Rumor is Cannondale is releasing the Caad 9 version after July 06 and a Six13 version as well.


----------



## FondriestFan (May 19, 2005)

Yep, sneak peeks of the Six13 could be seen at the TdG, I believe. Isn't the new Six13 mostly carbon?

This is pretty interesting to me, since I'm seriously considering pulling the trigger on a new Cannondale. I'm not excited about waiting 2 more months though.


----------



## Mimmo (Feb 11, 2004)

View attachment 52040


View attachment 52041


View attachment 52046


----------



## jhenry4 (Feb 4, 2006)

check out the headtube on the barloworld bike...it's absolutely huge!


----------



## zosocane (Aug 29, 2004)

It looks like the 2007 Six13 is going to have carbon running continuously from the top and down tubes into the head tube for an all-carbon head tube -- unlike the 2006 version which has aluminum headtube. The all-carbon head tube appears to be the case because it gives the head tube a more monocoque look with the top and down tubes.

Can anyone confirm this?


----------



## tomato (May 16, 2002)

*hmmmm*

Thanks for the pics.

Interesting design, kind of the opposite of composite designs up to now (ie. metal frame with carbon seat stays). Although at this point, and looking at the Synapse, you wonder why cannondale just doesnt consider putting out a full-carbon race bike. Market differentiation?


----------



## YakuzaSmurf (Sep 15, 2005)

My guess is the head tube is aluminum, and it has been painted black. It still has the little ridges on the top and down tubes that the other Six13s have where the carbon and aluminum are joined in the front. I could be wrong, however, since I have seen similar "seems" on carbon bikes before.

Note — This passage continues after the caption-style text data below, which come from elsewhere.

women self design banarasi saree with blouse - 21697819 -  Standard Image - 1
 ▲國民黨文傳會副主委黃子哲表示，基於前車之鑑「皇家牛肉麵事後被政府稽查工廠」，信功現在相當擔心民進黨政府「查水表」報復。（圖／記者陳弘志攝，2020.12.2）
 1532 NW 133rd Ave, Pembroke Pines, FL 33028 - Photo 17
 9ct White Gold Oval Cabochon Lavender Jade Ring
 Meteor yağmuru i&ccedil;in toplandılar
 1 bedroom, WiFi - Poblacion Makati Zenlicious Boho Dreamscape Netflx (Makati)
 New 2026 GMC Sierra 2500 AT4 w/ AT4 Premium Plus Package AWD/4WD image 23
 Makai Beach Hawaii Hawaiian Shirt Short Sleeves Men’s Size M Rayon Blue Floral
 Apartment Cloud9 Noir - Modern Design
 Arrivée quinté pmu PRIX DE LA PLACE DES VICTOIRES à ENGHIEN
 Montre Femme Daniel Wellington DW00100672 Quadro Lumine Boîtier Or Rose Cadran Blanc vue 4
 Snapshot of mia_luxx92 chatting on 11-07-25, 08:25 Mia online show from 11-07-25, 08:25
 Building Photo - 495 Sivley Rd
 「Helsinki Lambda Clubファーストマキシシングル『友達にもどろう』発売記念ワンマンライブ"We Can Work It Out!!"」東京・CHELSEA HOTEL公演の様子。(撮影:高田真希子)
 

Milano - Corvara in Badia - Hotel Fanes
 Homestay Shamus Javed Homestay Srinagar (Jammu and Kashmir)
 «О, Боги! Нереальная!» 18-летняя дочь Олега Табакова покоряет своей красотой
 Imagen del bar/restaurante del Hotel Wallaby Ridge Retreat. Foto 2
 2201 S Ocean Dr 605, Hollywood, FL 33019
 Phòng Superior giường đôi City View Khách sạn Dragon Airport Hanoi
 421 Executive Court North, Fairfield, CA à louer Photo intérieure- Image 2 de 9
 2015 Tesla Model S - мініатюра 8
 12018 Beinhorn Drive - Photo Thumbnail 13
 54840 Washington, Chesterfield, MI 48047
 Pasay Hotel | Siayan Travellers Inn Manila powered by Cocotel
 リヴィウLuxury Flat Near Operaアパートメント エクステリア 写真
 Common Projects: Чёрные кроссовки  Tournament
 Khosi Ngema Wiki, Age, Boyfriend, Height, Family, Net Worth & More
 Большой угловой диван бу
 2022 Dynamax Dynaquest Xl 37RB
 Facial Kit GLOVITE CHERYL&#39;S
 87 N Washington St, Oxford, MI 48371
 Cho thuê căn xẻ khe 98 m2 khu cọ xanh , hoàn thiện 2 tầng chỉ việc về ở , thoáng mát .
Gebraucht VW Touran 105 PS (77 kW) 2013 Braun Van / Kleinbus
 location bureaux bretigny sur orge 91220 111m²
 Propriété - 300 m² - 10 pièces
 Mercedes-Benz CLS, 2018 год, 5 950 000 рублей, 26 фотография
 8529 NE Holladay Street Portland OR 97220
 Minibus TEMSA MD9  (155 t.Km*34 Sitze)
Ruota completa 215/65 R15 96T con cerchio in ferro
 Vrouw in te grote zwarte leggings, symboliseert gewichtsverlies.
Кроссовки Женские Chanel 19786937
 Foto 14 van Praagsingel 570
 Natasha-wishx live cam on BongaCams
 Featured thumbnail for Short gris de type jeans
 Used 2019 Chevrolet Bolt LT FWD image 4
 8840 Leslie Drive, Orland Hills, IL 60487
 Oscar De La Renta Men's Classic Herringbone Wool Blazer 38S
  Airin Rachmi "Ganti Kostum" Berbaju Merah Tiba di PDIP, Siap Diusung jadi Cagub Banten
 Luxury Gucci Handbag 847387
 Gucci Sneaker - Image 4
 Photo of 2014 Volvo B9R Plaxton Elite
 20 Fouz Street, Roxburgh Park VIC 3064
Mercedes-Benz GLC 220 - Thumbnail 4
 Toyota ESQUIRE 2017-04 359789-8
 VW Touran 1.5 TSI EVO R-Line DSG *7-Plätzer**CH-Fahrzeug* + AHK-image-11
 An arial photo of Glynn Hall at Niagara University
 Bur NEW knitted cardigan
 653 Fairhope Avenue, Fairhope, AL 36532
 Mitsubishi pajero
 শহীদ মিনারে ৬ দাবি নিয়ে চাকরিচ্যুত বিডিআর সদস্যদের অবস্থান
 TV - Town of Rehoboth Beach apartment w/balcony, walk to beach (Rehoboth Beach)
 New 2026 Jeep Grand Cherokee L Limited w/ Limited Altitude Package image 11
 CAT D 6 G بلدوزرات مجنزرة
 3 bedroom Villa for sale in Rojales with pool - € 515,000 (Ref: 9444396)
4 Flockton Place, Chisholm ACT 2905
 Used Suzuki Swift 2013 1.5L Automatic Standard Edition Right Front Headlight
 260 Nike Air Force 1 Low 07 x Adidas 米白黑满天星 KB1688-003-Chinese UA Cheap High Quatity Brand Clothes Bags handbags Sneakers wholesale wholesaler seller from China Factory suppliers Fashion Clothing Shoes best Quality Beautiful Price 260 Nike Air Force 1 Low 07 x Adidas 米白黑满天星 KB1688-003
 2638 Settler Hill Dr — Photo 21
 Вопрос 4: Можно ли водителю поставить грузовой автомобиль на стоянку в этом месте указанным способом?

I want to know what they are doing with that giant headtube on the Barloworld bike. It reminds me of a prototype Trek had in the TDF two or three years ago...


----------



## boroef (Jun 18, 2005)

tomato said:


> Thanks for the pics.
> 
> Interesting design, kind of the opposite of composite designs up to now (ie. metal frame with carbon seat stays). Although at this point, and looking at the Synapse, you wonder why cannondale just doesnt consider putting out a full-carbon race bike. Market differentiation?


i think it's more like...cannondale is famous for their aluminum. they know how to work it, manupulate it and have really stunning finishing on their aluminum frames.

having an aluminum rear end is potentially stiffer than a carbon rear end would provide (i said potentially!!! dont yell at me  )...

i'm a fan of the design, although i'd prefer an all aluminum cdale. in these days of carbon this, carbon that...carbon is too played out. so what if it can ride a little more comfortably, or is a little bit lighter.

real men can handle the ride of metal frames


----------



## dontimberline (Apr 20, 2006)

I think I see a juncture between the top tube/head tube and down tube/head tube as well. My guess is that huge head tube is still aluminum. 

It's hard to tell from these pictures, but do the seatstays look straight? Have they departed from the hourglass seatstays?

These pics are of the Six13...anybody seen the new CAAD 9?


----------



## zamboni (Sep 11, 2003)

What is the benefit of carbon headtube vs. aluminum ? The seatstays looks the same to me. I just completed my 06 version of the team Six13 and it's a great frame, light , fast and easy to climb hills.


----------



## jhenry4 (Feb 4, 2006)

*testing*

the caption on this photo from the cannondale site says "Sayers tests a new ride" and again you can see the huge headtube.


----------